The table will mainly be queried to get all the rows matching:
- a node0 value
- a node1 value
- a node2 value
- a node3 value
- a version value
... with a Join statement to get the associated users (user_id field)
These fields (node0, node1, node2, node3, version) can form a key (no two rows can have the same values for all these fields), but I would like to keep the ID as an auto-incremental key so I can order them.
Should I add a secondary key for these fields? Or make them the primary key and have the ID as a secondary key? And/or add individual indices?
CodePudding user response:
You probably want multicolumn indexes matching your most common query patterns. I guess you said your query pattern is this.
WHERE node0 = #constant#
AND node1 = #constant#
AND node2 = #constant#
AND node3 = #constant#
AND version = #constant#
This multicolumn index will help.
INDEX example_nodes_version (node0, node1, node2, node3, version)
It will not help if you don't filter on those conditions in order.
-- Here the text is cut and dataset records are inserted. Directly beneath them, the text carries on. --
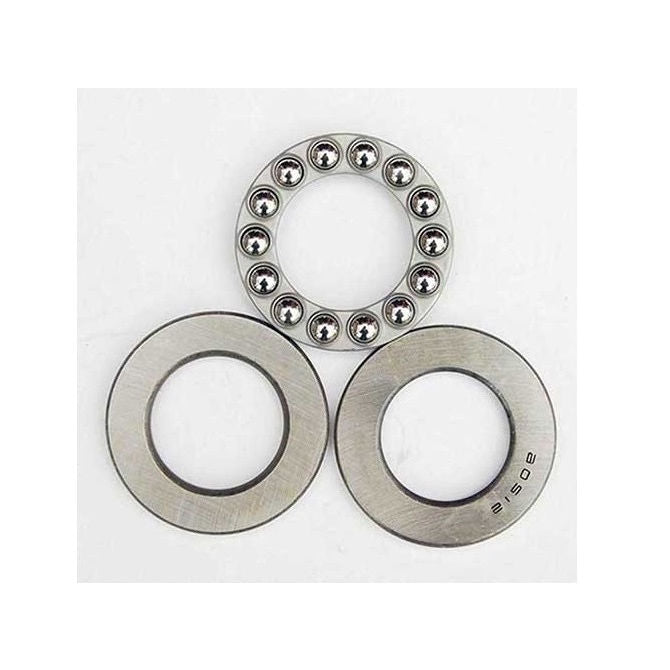 1080631 | T-0080-0160-F-S440 --- Thrust Ball Bearings - 8x16x5 mm - Stainless Steel 400 Series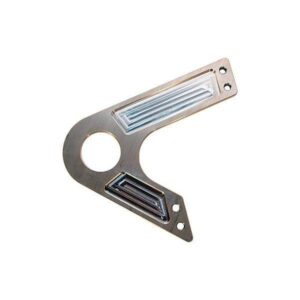 Teo Fabrications TEO4111 - Steering Box Right Side Boomerang Mount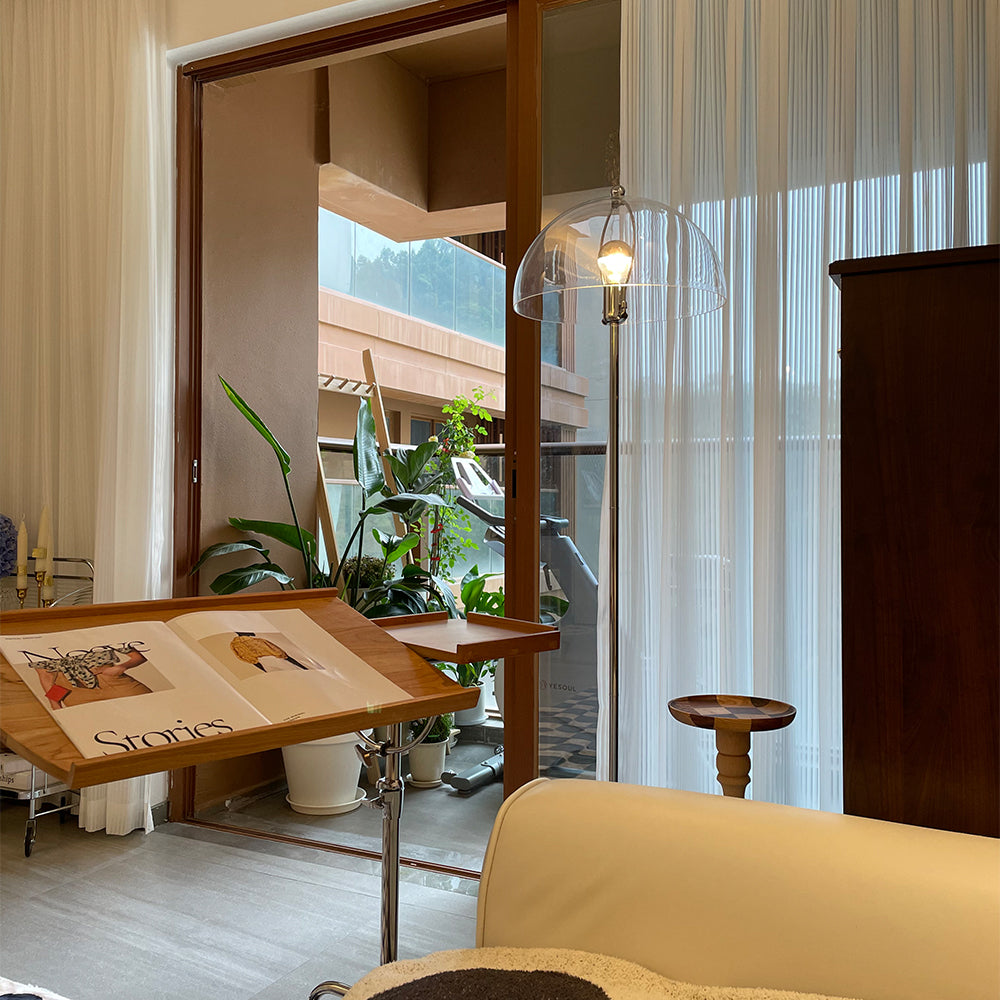 Edinburgh Floor Lamp - Lumpaz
For example it will help this
WHERE node0 = #constant#
AND node1 = #constant#
but not this
WHERE node2 = #constant#
AND version = #constant#
Here's an even faster way to handle indexing if the vast majority of your queries follow the first query pattern.
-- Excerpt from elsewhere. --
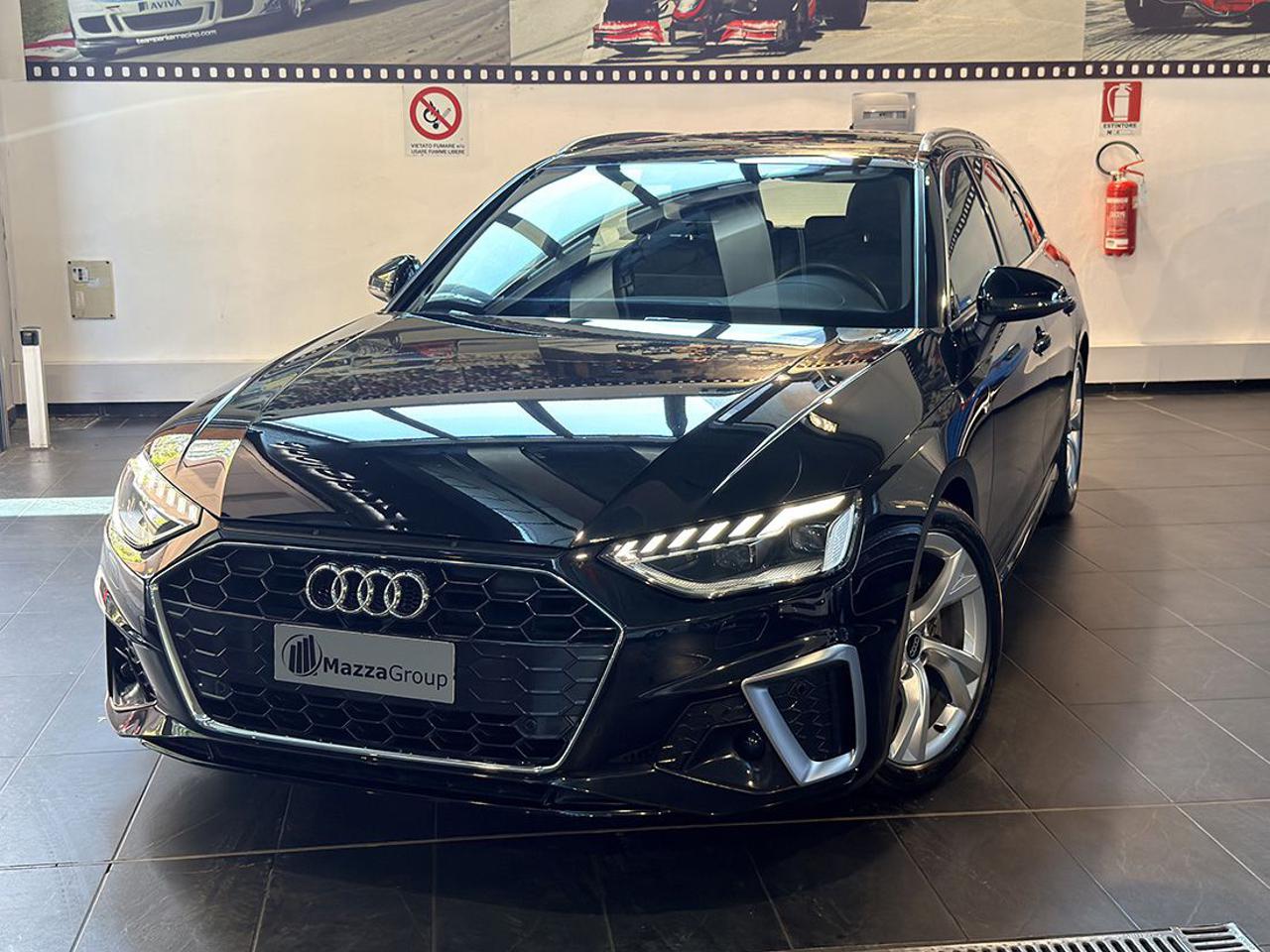 AUDI A4 35 TDI Avant S-Tronic S-Line - 5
You can make your primary key the concatenation of those columns, and create a UNIQUE key to handle your autoincrementing ID.
CREATE TABLE example (
id INT AUTO_INCREMENT NOT NULL,
node0 SMALLINT DEFAULT 0 NOT NULL,
node1 SMALLINT DEFAULT 0 NOT NULL,
node2 SMALLINT DEFAULT 0 NOT NULL,
node3 SMALLINT DEFAULT 0 NOT NULL,
version SMALLINT DEFAULT 1 NOT NULL,
user_id INT DEFAULT NULL,
score INT DEFAULT 0 NOT NULL,
datetime BIGINT NOT NULL,
INDEX IDX_22B017FAA76ED395 (user_id),
PRIMARY KEY(node0, node1, node2, node3, version),
UNIQUE INDEX ex_autoincrement (id)
)
Why is this helpful? InnoDB uses a clustered index storage scheme. That is, it stores all the data as part of its primary key. So, lookups according to the filtering above will directly access your data rather than having to search the index, then search a separate table.
Unless you project this table to be large (a million rows or more) and heavily queried, you should keep it simple: create indexes to match your query patterns and use the id
as the primary key.
And know this: as applications and their tables grow, often new indexes are required to match real-world query patterns. It's easy to add new indexes based on experience.